When I set_result on a Future that is awaited by some coroutine it doesn’t immediately wake up the coroutine. Instead all Future callbacks are scheduled using loop.call_soon.
Would it be possible to add some kind of Future.eager_set_result/eager_set_exception that would execute all callbacks right away and effectively begin executing awaiting coroutines immediately?
Is there maybe a way to do it now with the current Future implementation. Maybe some hack?
This may be very useful in high level networking libraries that receive data through non-async Protocol.data_received/buffer_updated callbacks. Libraries typically parse new data and at some point want to deliver result to a user coroutine that is awaiting on a Future.
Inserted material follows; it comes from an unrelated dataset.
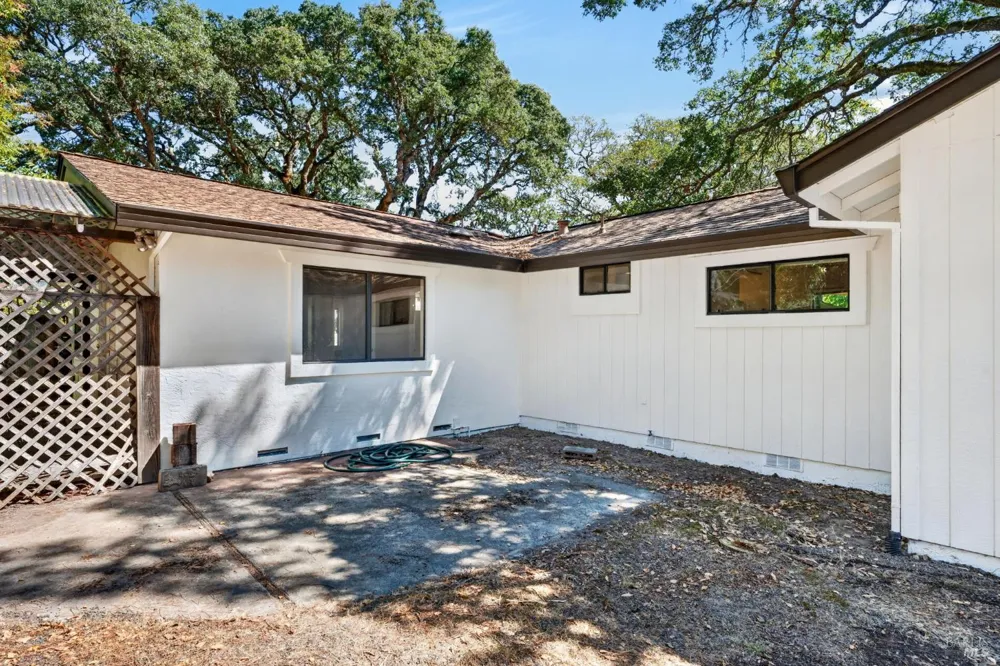 767 Joni Court Windsor, CA 95492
Being able to do it eagerly will reduce overall read latency. Also in some cases it will allow to reference the read buffer of the library through memoryview. and avoid memory copying.
I’m optimizing a hot loop in my Elixir-Python interop project. The Python side loops on await pipe_based_stream_reader.readexactly(n), and schedules code execution via loop.create_task.
The end-to-end[1] latency is dominated by loop.call_soon. I was able to reduce it from ~50 μs to ~39 μs just by calling loop.create_task(..., eager_start=True). With monkey-patching Future.set_result to @tarasko’s implementation above, I got it down further to ~28 μs.
(Blocking os.reads instead of StreamReader got me to ~22 μs, but that’s problematic for various reasons.)
That is to say, there’s a ton of latency to unlock by skipping loop.call_soon. Just adding Future.eager_set_result is a great step - I could implement a custom StreamReader based on eager Futures. Right now I could only achieve that with callback style, no awaits.
Maybe we could aim for something like loop.set_future_factory(lambda: loop.Future(loop=loop, eager_start=True))? That would nicely mirror how Tasks are treated.
Elixir caller → encoding request → BEAM Port system → pipe → Python → decoding request → eval → encoding response → pipe → BEAM Port system → decoding response → BEAM process send → Elixir caller ↩︎
Yes, totally agree so many things could benefit from eager futures.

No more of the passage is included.